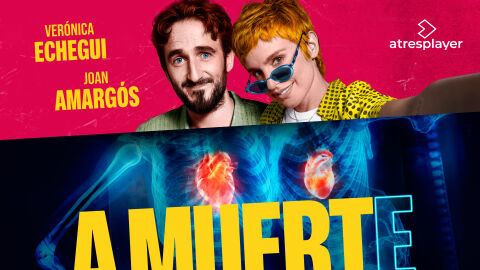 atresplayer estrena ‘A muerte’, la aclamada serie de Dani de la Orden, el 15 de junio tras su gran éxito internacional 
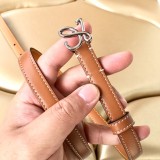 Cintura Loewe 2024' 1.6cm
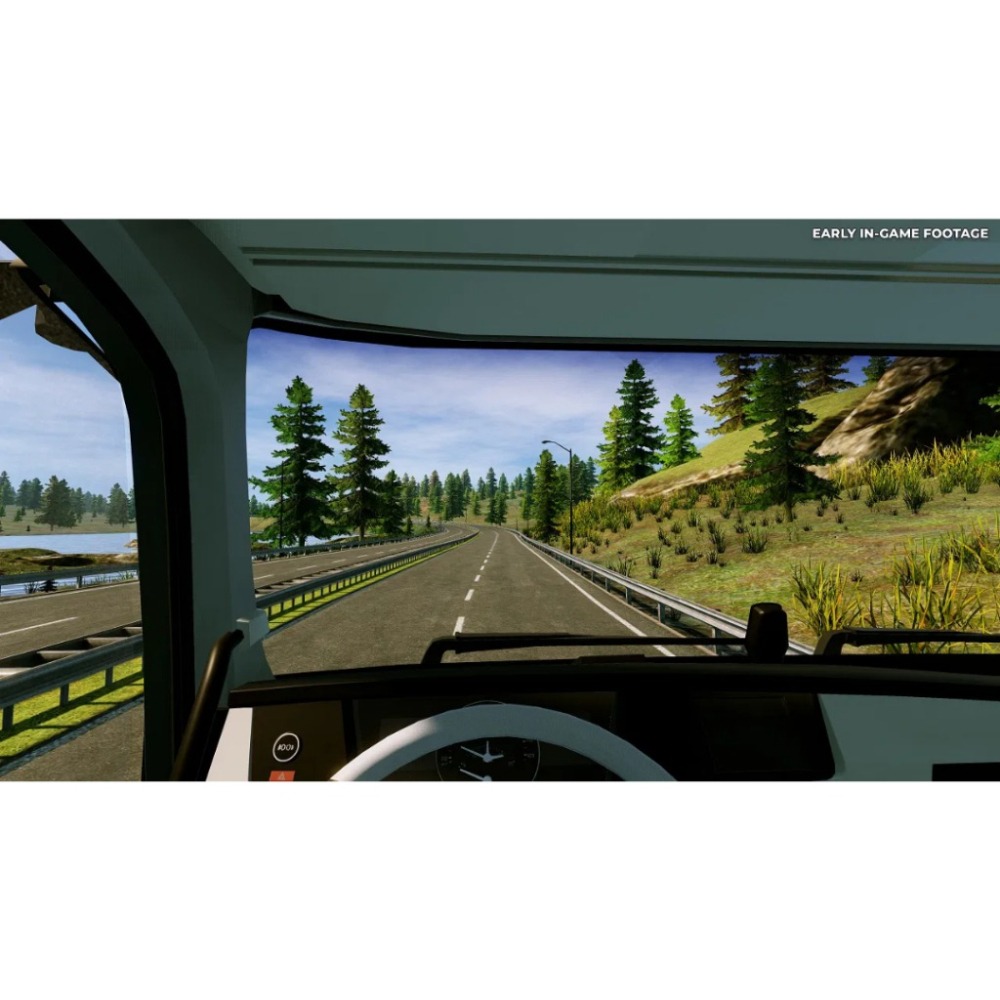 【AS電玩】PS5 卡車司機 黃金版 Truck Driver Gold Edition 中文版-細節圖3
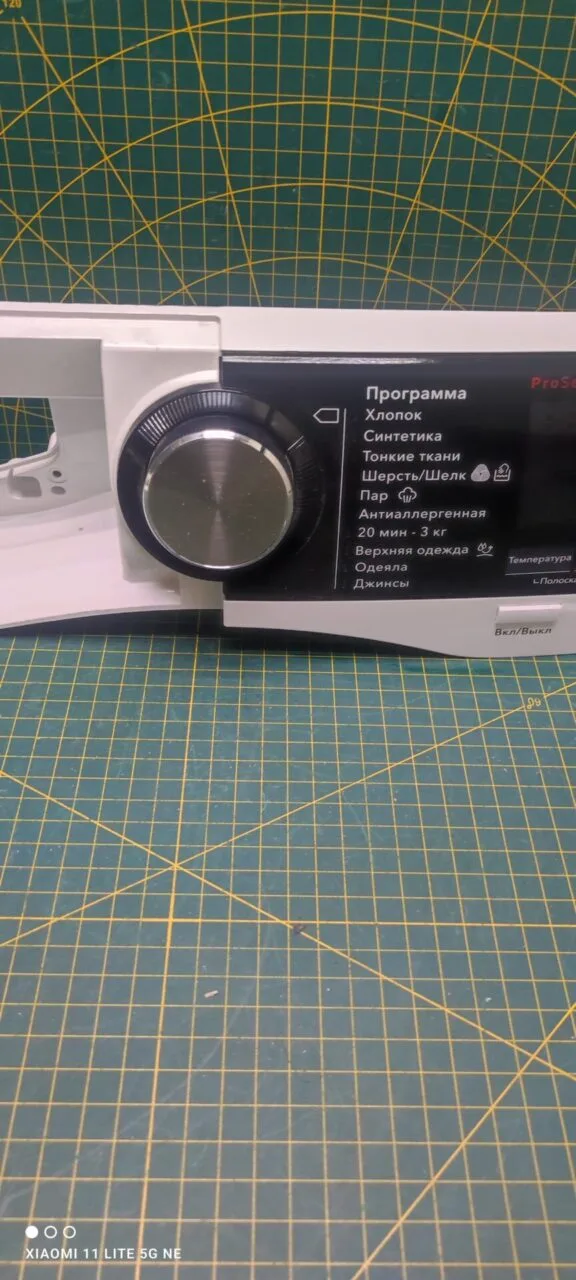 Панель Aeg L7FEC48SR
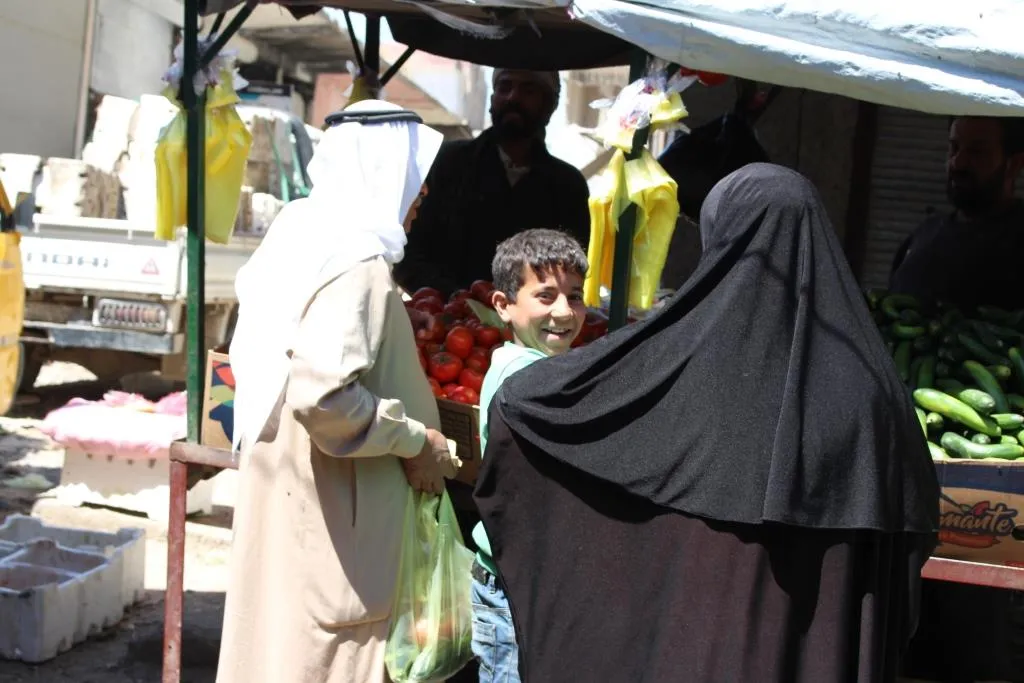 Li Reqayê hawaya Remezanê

● WHAT THE TASK REQUIRES: One exact copy of the data is required, and it should hold no pictures.

● EXPECTED OUTPUT:
 atresplayer estrena ‘A muerte’, la aclamada serie de Dani de la Orden, el 15 de junio tras su gran éxito internacional 
 Cintura Loewe 2024' 1.6cm
 【AS電玩】PS5 卡車司機 黃金版 Truck Driver Gold Edition 中文版-細節圖3
 Панель Aeg L7FEC48SR
 Li Reqayê hawaya Remezanê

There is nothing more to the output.